Spero di sì. Io sono andata nella sua casa a Barletta a recuperare tutti i suoi oggetti, insieme ad altre persone e abbiamo portato via ben 75 scatoloni pieni delle sue coppe e medaglie. Sarebbe stato il sogno di Pietro esporre i suoi premi e stiamo cercando il modo di farlo, magari anche in maniera multimediale; magari anche vedere le sue scarpe e confrontarle con quelle che si utilizzano ora, sarebbe bello. Ricordo quando Bolt regalò a Pietro una delle sue scarpe con le quali fece il record del mondo a Berlino e vi assicuro che vedere vicine le due scarpe fa anche ridere perché sembra di vedere la scarpa di paperino vicina ad una scarpa spaziale.

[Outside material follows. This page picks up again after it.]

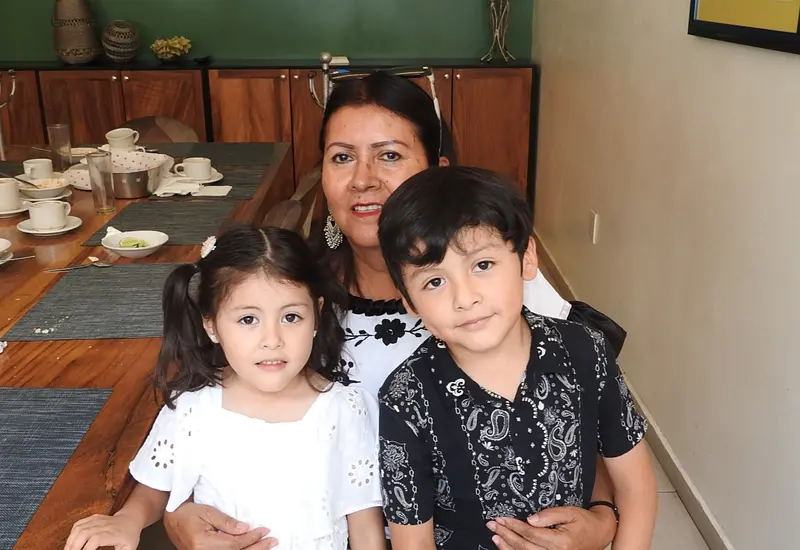 Olga Ayala comparte un momento especial y sonríe para la cámara junto a sus amados nietos, Thiago y Atenea.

Pietro le raccontava mai le sensazioni ed emozioni che provava durante e dopo una gara?
Sì sempre, poi io non venendo dall’atletica potevo chiedergli qualsiasi cosa, anche le cose più banali che magari molte persone si vergognano a dire. Io andavo lì e facevo le mie domande, tutte le cose che mi venivano in mente. Anche quelle più stupide, io gliele chiedevo, tanto lui aveva la pazienza di rispondermi senza problemi.

Ogni giorno i tecnici della scuola di atletica entrano con orgoglio in questo stadio, e ogni giorno centinaia di ragazzi e bambini calcano questa pista e, alzando gli occhi, vedono scritto quel nome e si chiedono chi fosse. È importante continuare a tramandare, lo crede anche lei?
Sicuramente è importante tramandare, Pietro è stato un simbolo e spero che ci sia qualcuno che possa eguagliarlo e che possa superarlo. Io spesso faccio l’esempio con Filippo Tortu - che tra l’altro Pietro ha conosciuto quando Filippo era solo un bambino - il caso ha voluto che noi fossimo proprio amici di famiglia, andavamo spesso a pranzo o a cena a casa loro. Secondo me però non è giusto confrontare Pietro con Filippo, perché di Pietro sappiamo cosa ha fatto in 20 anni mentre Filippo, un ragazzo d’oro, è solo all’inizio. Spero veramente che ci sia qualcuno che possa eguagliare Pietro. E se poi sarà Filippo, dico: magari.